[Records to process Boundary: Start]
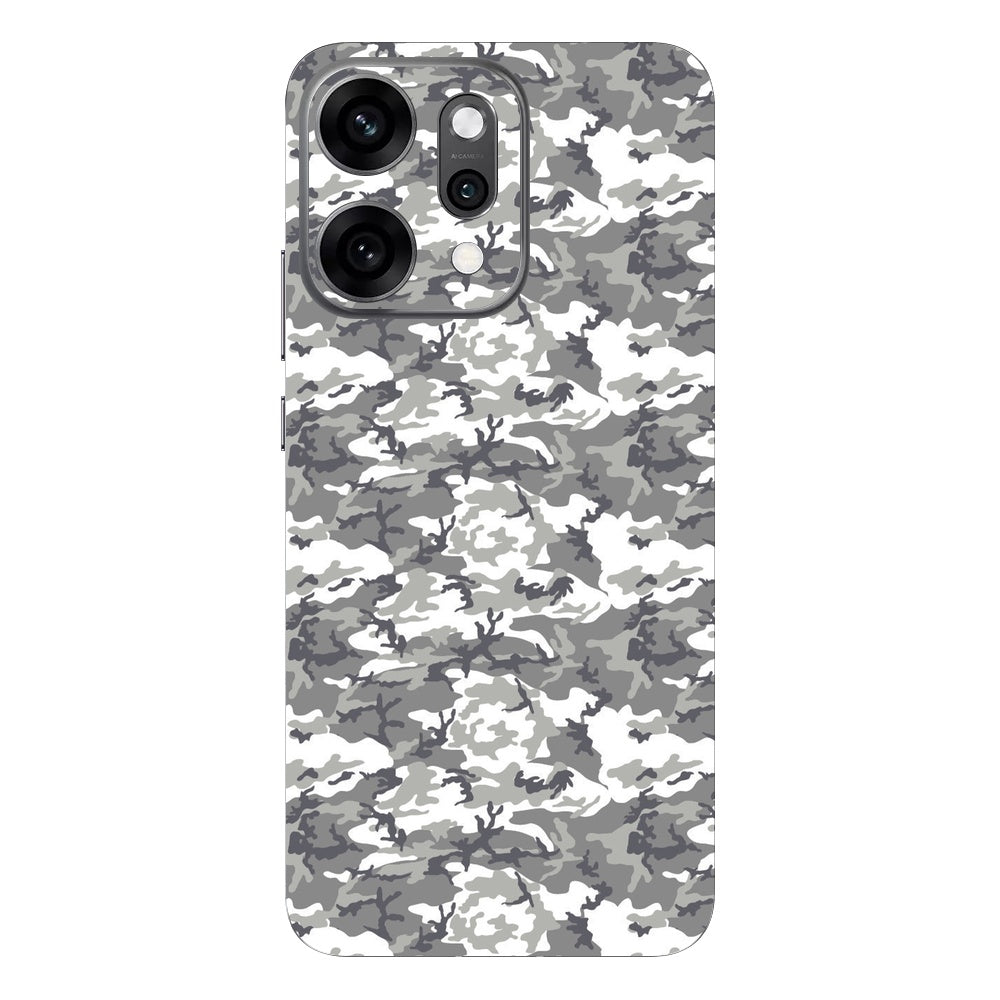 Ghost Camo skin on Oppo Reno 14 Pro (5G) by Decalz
[Records to process Boundary: End]
[Records to process Boundary: Start]
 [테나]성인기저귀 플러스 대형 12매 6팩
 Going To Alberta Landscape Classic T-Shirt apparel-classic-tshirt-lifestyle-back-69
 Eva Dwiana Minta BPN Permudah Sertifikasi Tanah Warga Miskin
[Records to process Boundary: End]
• Work instruction:
With the line that has "[테나]성인기저귀 플러스 대형 12매 6팩" as the first and the line that has "Eva Dwiana Minta" as the last, repeat exactly that run of lines above and no more.

• Response area:
 [테나]성인기저귀 플러스 대형 12매 6팩
 Going To Alberta Landscape Classic T-Shirt apparel-classic-tshirt-lifestyle-back-69
 Eva Dwiana Minta BPN Permudah Sertifikasi Tanah Warga Miskin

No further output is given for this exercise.